Turtle parser fails for unknown reason (SPARQL 1.1 Syntax Update 1 manifest.ttl)

k00ni commented 3 years ago

@pietercolpaert When parsing turtle file https://www.w3.org/2009/sparql/docs/tests/data-sparql11/syntax-update-1/manifest parser returns 0 triples.

ARC2's Turtle parser has no problems and returns all triples, so file should be correct.

I made a test which shows the problem: https://github.com/pietercolpaert/hardf/blob/error/turtle-parser-fails-unknown/test/TriGParserTest.php#L2061-L2072 (branch error/turtle-parser-fails-unknown)

Any idea why?

zozlak commented 9 months ago

Just out of curiosity - what's the subject created by the ARC2 parser for the <> rdf:type mf:Manifest triple?

The problem is the <> subject. By the turtle specification it's a relative IRI. As a relative IRI it should be resolved using the base IRI. The problem is the base IRI is not set (the @prefix : <http://www.w3.org/2009/sparql/docs/tests/data-sparql11/syntax-update-1/manifest#> . sets the default prefix for prefixed names but not the base IRI for relative IRIs; btw it means parsing works if you add @base <http://www.w3.org/2009/sparql/docs/tests/data-sparql11/syntax-update-1/manifest#> . to the file).

I guess it is expected to work the way that when a remote RDF dataset is being read, the reader should set the base IRI to the remote document location but as the TriGParser does not know the source is a remote dataset, it's on you to include the 'documentIRI' => 'https://www.w3.org/2009/sparql/docs/tests/data-sparql11/syntax-update-1/manifest' in the TriGParser constructor options.

zozlak commented 9 months ago

Still, we should expect the TriGParser either to throw an error when the result of an IRI resolution is empty (because as you shown it harms further processing) or to have some base IRI default.

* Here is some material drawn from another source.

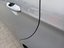 Traces of impact on door edge back left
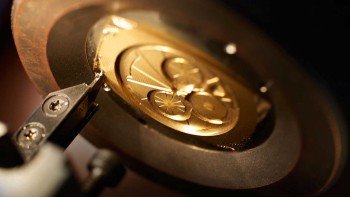 The art of engine turning - Breguet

Funnily both solutions seems to be standards-conformant. For the definition of the base IRI the RDF concepts redirects us to the RFC3986 which says there are four possible sources for the base URI (and first available should be used):

Base URI Embedded in Content which in the RDF context would be the @base/BASE turtle/SPARQL directive in an RDF document
Base URI from the Encapsulating Entity but I can not think of any RDF world equivalence for that
Base URI from the Retrieval URI which is self-descriptive (and this is a solution I mentioned in the previous comment)
Default Base URI - let's just cite the RFC as it nicely explains the trade-off between having and not having it:

If none of the conditions described above apply, then the base URI is defined by the context of the application. As this definition is necessarily application-dependent, failing to define a base URI by using one of the other methods may result in the same content being interpreted differently by different types of applications.

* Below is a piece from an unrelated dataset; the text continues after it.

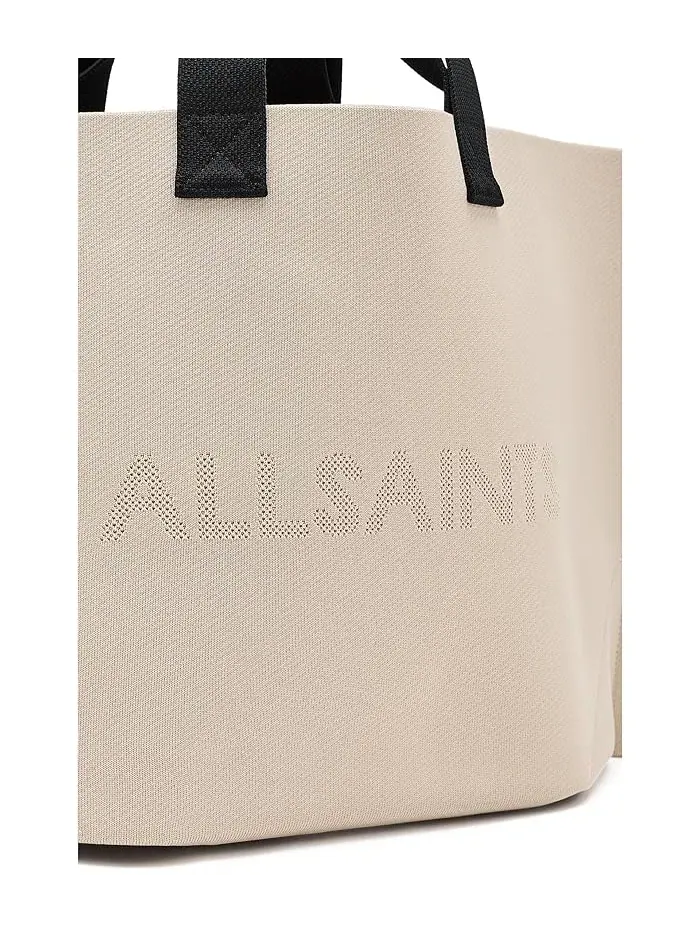 Сумка тоут вязаная Lutece AllSaints — изображение 4 из 5, белый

zozlak commented 8 months ago

Discussed it with @k00ni on the side and he's in favour of using a default base URI as a fallback. A pull request will follow shortly.

pietercolpaert commented 8 months ago

The base URI MUST be configurable in the parser and should be the last URI after redirection of the HTTP fetch that took place. If this file just comes from disk, we should expect an @base somewhere. If there’s no @base, probably the base IRI I believe should be the current file path.

I would not use a default base URI hardcoded in the library

pietercolpaert commented 8 months ago

We should probably add this as a test-case too!

zozlak commented 8 months ago

We never considered fixing it to a single value. The only option considered was the last point of the RFC3986 cited below - a fallback when no better option is available. That being said on the TriGParser level the source is just a string so if there is no documentIRI set, we have no way to use a URL from which the data was downloaded or a file name as we just don't have access to this kind of information.

Anyway after some discussion with @k00ni I convinced him to throw an error in such a case with the message explaining the data can't be parse because the base URI is unknown and that in should be set with the documentIRI parser constructor option.

zozlak commented 8 months ago

One more solution to consider. The current problem is caused by the non-strict type comparisons of the TriGParser::$readEntity() callback return value with null (in which case an empty string equals null). This can be solved by turning these comparisons into type-strict ones (=== instead of ==). As a result the parser will parse <> <a> "b" . as ['', 'a', '"b"']). What do you think?

I personally think throwing an error explaining the lack of the base URI is still the best solution.

zozlak commented 8 months ago

In fact the TriGParserTest::testBlankNodes() starts with a test of parsing <> with lacking base IRI as empty subject, predicate, object and graph.

Funnily (or not) it works there but a document like <> <b> <c> . (or the one @k00ni is mentioning in this issue) turns the parser into undefined state.

Should I investigate it or can we assume the test should be adjusted to expect the error to be thrown there? (btw <> are relative IRIs so I'm not sure why they are tested in the testBlankNodes())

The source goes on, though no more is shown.